The Lord Bishop of Blackhampton was in the middle of his prayer when the noble illumination which the prelate had referred to as a light in a great darkness began to fizzle. By the time the prayer was at an end the light had gone out.

A feeling of anticlimax smote the gathering when Sir Augustus Bimley rose to address it. Endor Must Go had been taken at its word. The delegates to the Charwoman’s Conference felt a sense of desolation, which the fervent language they now heard could not remove. Moreover, Britain’s Best, etc., was fairly under way, his eyes in a fine frenzy rolling, when suddenly there happened a strange thing.

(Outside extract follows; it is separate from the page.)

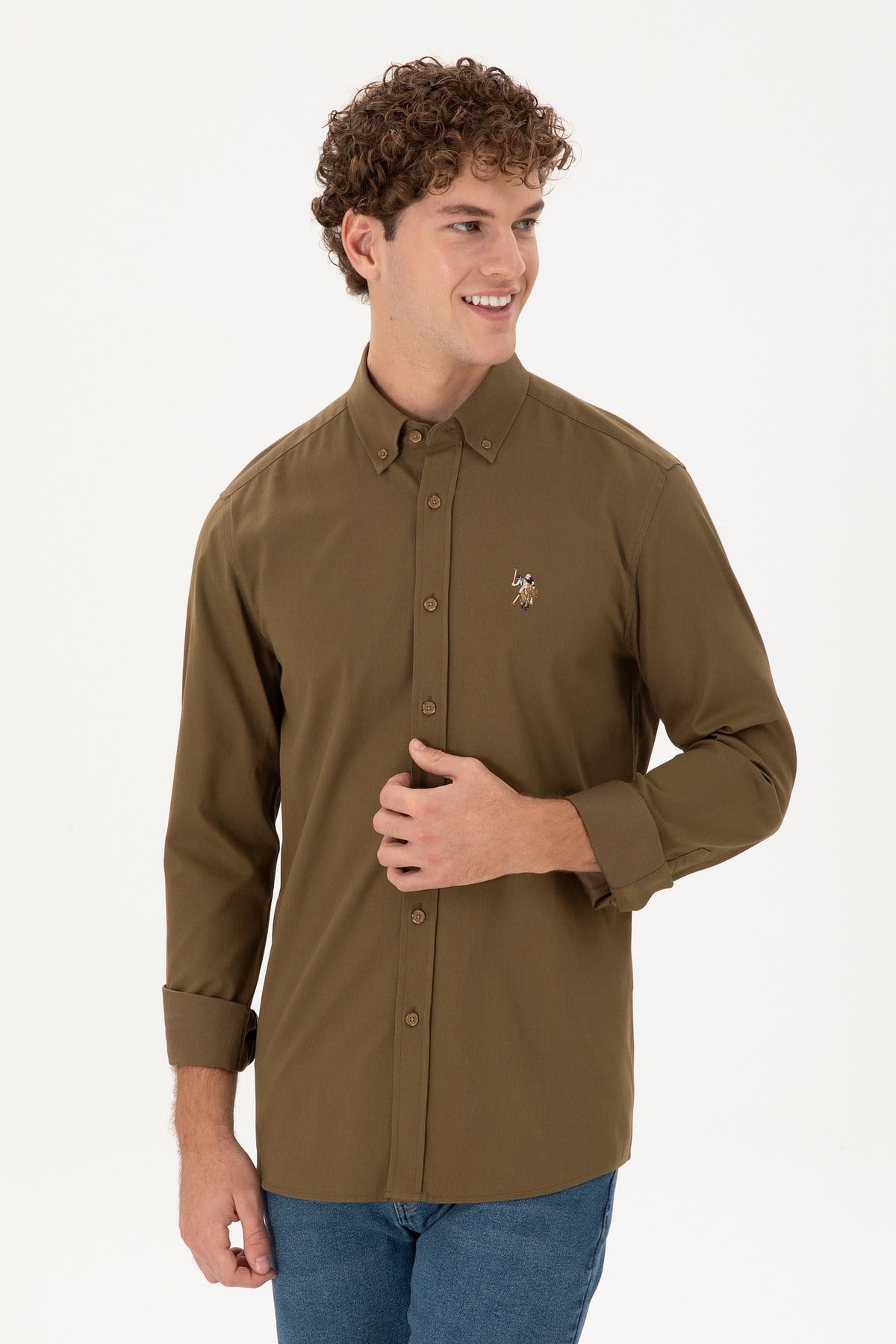 U.s. Polo Assn. Uzun Kollu %100 Pamuk Gömlek 1964729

The U. P. masterpiece in sky signs had not been merely snuffed out; it had been eclipsed. But in a literal sense it was now outshone. From above the City Hall in gigantic letters there flamed suddenly forth across Market Square the amazing legend:

JOHN ENDOR IS JANNOCK

The effect was immediate; and it was dramatic. It broke up the meeting. Indignation, moreover, ran so high that it came within an ace of producing a riot in the heart of the city. The friends of the U. P. candidate so deeply resented having such an important piece of their ordnance stolen and used against them, that some of the more turbulent spirits needed persuasion from the police to return quietly to their homes.

Next day the Blackhampton Mercury and other U. P. journals sternly demanded a public inquiry into the whole affair. None was needed really, for everybody knew the cause. All over the City it was said that “the Old Man had got at” the electricians, the chief constable and the city engineer. In the statelier words of the Planet newspaper, “Such an episode reflected the deepest discredit upon the city of Blackhampton.” All the same, it was a coup. The enemy’s Long Tom had been audaciously taken from under its nose. It was now being used with deadly effect by the other side.

An attempt was made to bring to book the culprit-in-chief, but it was not successful. Such a bird was too old to be caught napping. And for some mysterious reason the efforts that were made to repair the mischief fared no better. In spite of every precaution, the electric current of “Endor Must Go” failed night after night, while neither the British climate nor untoward circumstance was allowed to interfere with the opposition sky sign “John Endor is Jannock.”

This sinister fact brought woe to the camp of Sir Stuyvescent Milgrim. The moral effect was considerable; the whole city was kept laughing. It was just the sort of thing, said the U. P. agent, that was likely to lose the election. In the meantime, the comedy of the Firework Fizzle was worked for all it was worth by its ingenious author. At every public meeting, in alluding to it, Sir Munt was able to make new points, while the original devisers of the stunt waxed more furious. All kinds of analogies, humorously damaging, were drawn from this affair. Soon all the world began to see that every audacious stroke of badinage was one nail the more in the enemy’s coffin.

Presently a whisper arose that the greatest and most up-to-date of all Stunt elections was going to end, like the wonderful sky sign, in a fizzle. Certainly that fizzle had grown symbolical. The U. P. was in danger of being hoist with its own weapons. Even the other side—for generations Blackhampton had been notoriously a “sporting” city—did not try to minimize the humor and the significance of the case. At the end of a week of nightly fiascos, while John Endor Is Jannock seemed to wax ever brighter in the heavens and its vis-à-vis more dismally waned, the sportsmen of Blackhampton—even the dogs were held to be sportsmen in Blackhampton—took a continual delight in the affair. Sir Munt had surpassed himself. He looked like winning the election off his own bat.

Blackhampton grew prouder than ever of its Old Man. He had an amazing faculty of “getting right home.” And there were other shots in his locker. The U. P. airships, hovering proudly above Market Square, grew subject to mysterious deflations. But the greatest coup of all, the Old Man’s masterstroke, was the “running in” of Aunt Mittie, that voluble and truculent lady, on a charge of brawling, and her admonition from the bench of the City Hall.